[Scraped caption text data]
"""

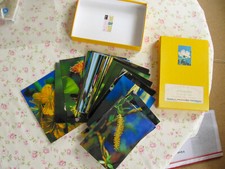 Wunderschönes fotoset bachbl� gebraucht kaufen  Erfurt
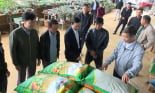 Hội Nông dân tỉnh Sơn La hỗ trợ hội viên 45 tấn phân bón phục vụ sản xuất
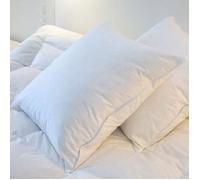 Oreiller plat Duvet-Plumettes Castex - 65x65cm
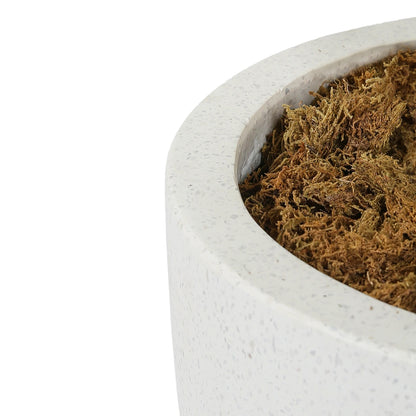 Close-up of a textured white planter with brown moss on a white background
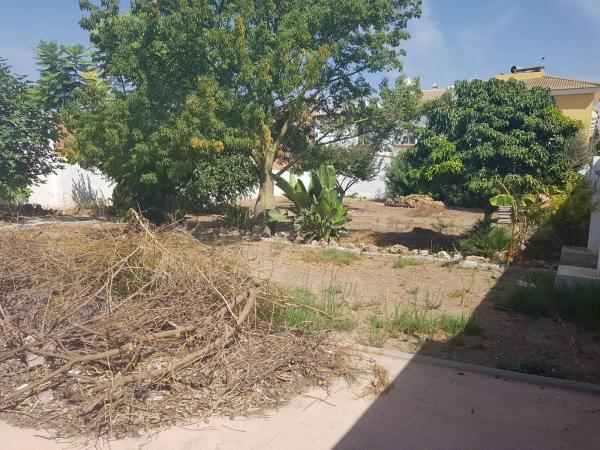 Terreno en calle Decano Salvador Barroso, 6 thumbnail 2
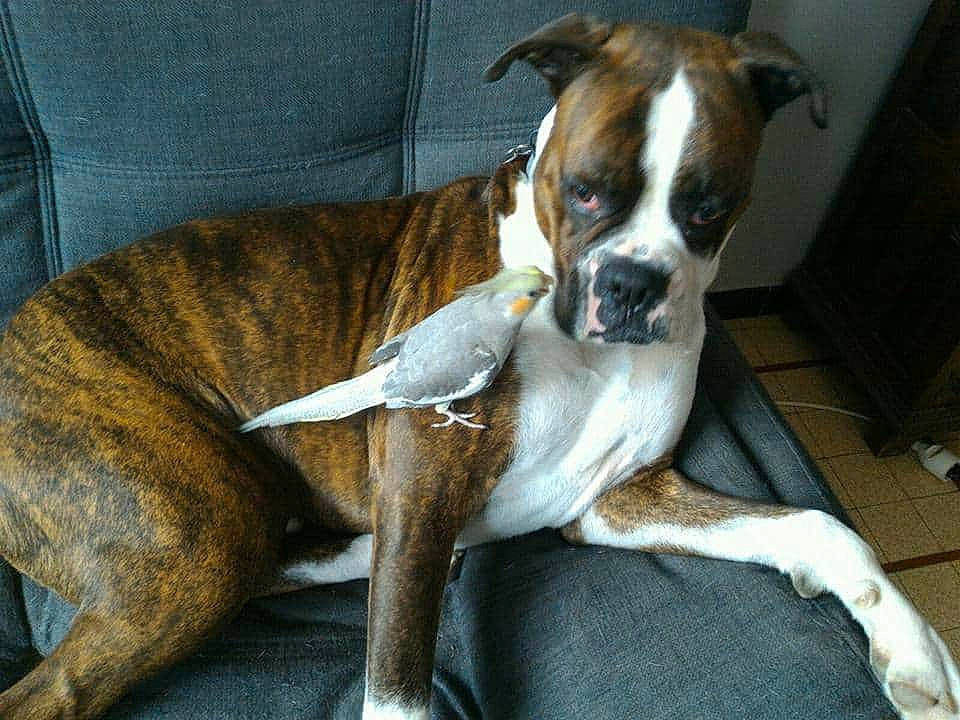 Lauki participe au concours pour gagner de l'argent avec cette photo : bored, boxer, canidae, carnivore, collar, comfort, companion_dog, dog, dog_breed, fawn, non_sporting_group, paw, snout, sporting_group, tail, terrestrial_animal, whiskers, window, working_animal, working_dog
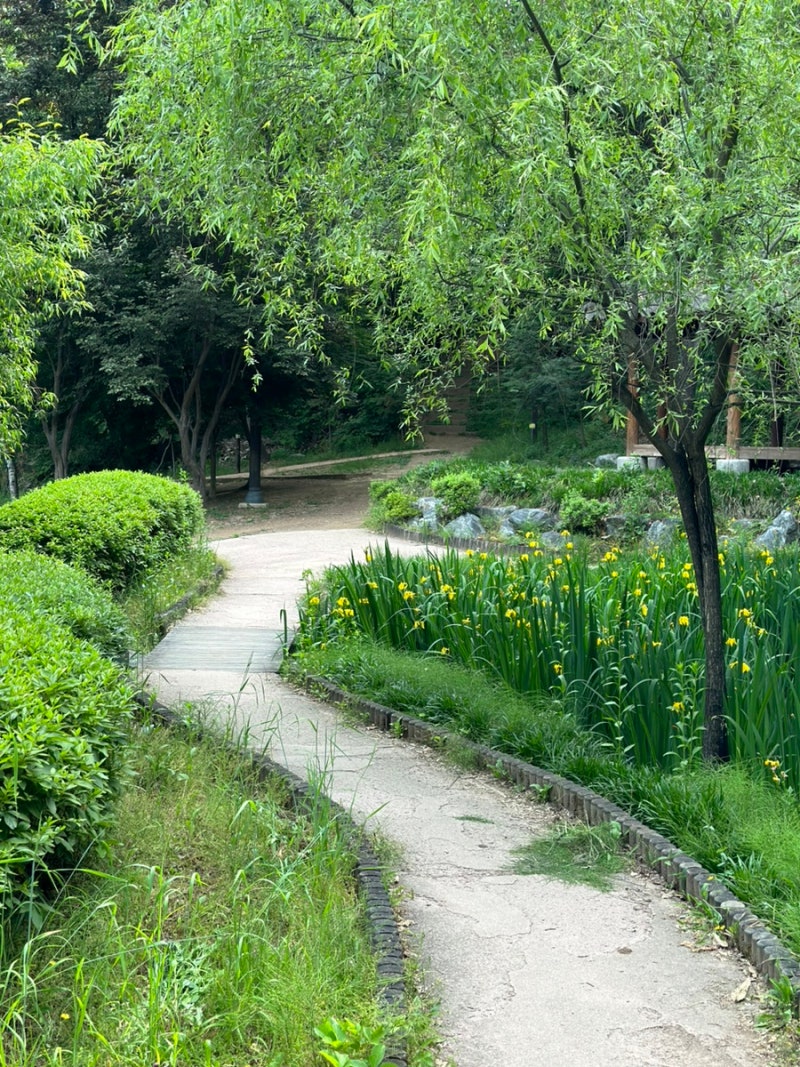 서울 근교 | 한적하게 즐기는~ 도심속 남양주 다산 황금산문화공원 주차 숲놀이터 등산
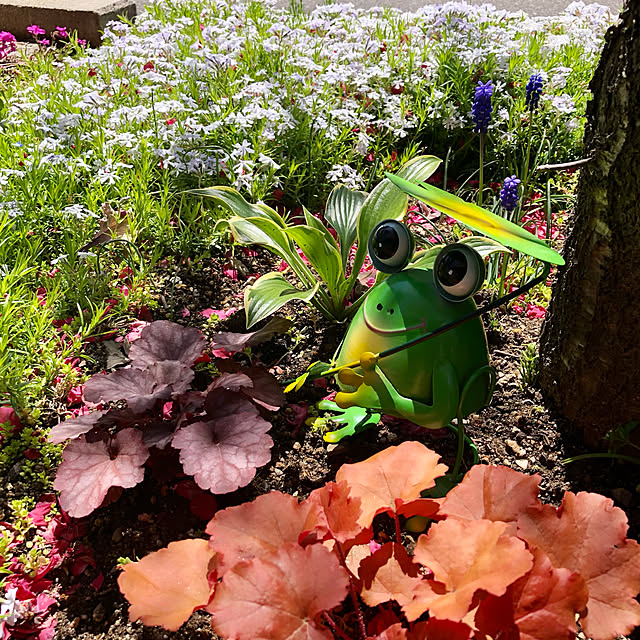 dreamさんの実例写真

"""

Exercise description >> Please copy the lines above exactly as written, apart from any pictures.

Written reply >>
 Wunderschönes fotoset bachbl� gebraucht kaufen  Erfurt
 Hội Nông dân tỉnh Sơn La hỗ trợ hội viên 45 tấn phân bón phục vụ sản xuất
 Oreiller plat Duvet-Plumettes Castex - 65x65cm
 Close-up of a textured white planter with brown moss on a white background
 Terreno en calle Decano Salvador Barroso, 6 thumbnail 2
 Lauki participe au concours pour gagner de l'argent avec cette photo : bored, boxer, canidae, carnivore, collar, comfort, companion_dog, dog, dog_breed, fawn, non_sporting_group, paw, snout, sporting_group, tail, terrestrial_animal, whiskers, window, working_animal, working_dog
 서울 근교 | 한적하게 즐기는~ 도심속 남양주 다산 황금산문화공원 주차 숲놀이터 등산
 dreamさんの実例写真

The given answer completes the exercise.